After a stunning selloff in U.S. Treasuries took benchmark 10-year
yields above 1.6%, the highest in a year, the March 16-17 Federal
Reserve meeting will be watched closely for hints policymakers are
concerned about yields, asset bubbles and inflation.
A repricing of market interest rate expectations to anticipate a Fed
hike as early as late 2022 is at odds with the Fed's aim of keeping
rates unchanged until the end of 2023. The Fed has appeared unperturbed
so far by higher bond yields, but it may feel it's time to push back
against those rate-hike bets.
It is also expected to release fresh forecasts on economic growth as
vaccines are distributed.
2/ MIXING MESSAGES AT BOJ
The central bank which pioneered yield curve control faces one of its
toughest policy reviews on March 18-19.
The Bank of Japan will likely insert clearer guidance in its statement
on what it sees as an acceptable level of fluctuation in long-term
interest rates, according to sources -- a sign it won't tolerate rises
that hurt the economy.
Governor Haruhiko Kuroda and his deputy Masayoshi Amamiya have sent
mixed messages on loosening the 10-year yield target band. Higher yields
would acknowledge a global move higher but might spur unintended worries
about policy tightening.
Given a nascent economic recovery, the BOJ may even suggest scope for
more negative short-term rates. In the midst of this, financial year-end
flows back into yen are accelerating.

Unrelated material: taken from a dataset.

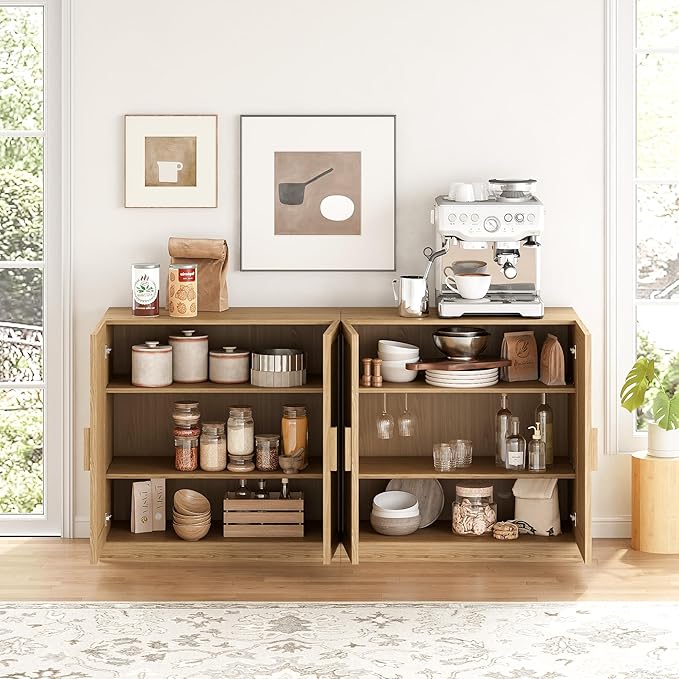 Buffet Cabinet, 4-Doors Sideboard Cabinet - Image 3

A currency rally will add to the
BOJ's headaches.
3/BOE, NORGES BANK TOO
Thursday brings central bank meetings in Britain and Norway.
The Bank of England is not seen unveiling additional policy easing
despite concerns over the recent spike in borrowing costs.
Instead, any action such as upping the BoE's bond-buying firepower is
likely to come later in the year - perhaps in May, when the next set of
economic forecasts emerge.
With first-quarter GDP data expected to show a near 4% drop on the back
of pandemic-linked lockdowns and Brexit disruptions, economic recovery
is expected to be gradual. A majority of economists polled by Reuters
expect GDP will take two years to return to pre-COVID-19 levels.
Norges Bank is also tipped to keep rates unchanged but it may adopt a
much more hawkish tone given signs of economic recovery in Norway,
especially in housing.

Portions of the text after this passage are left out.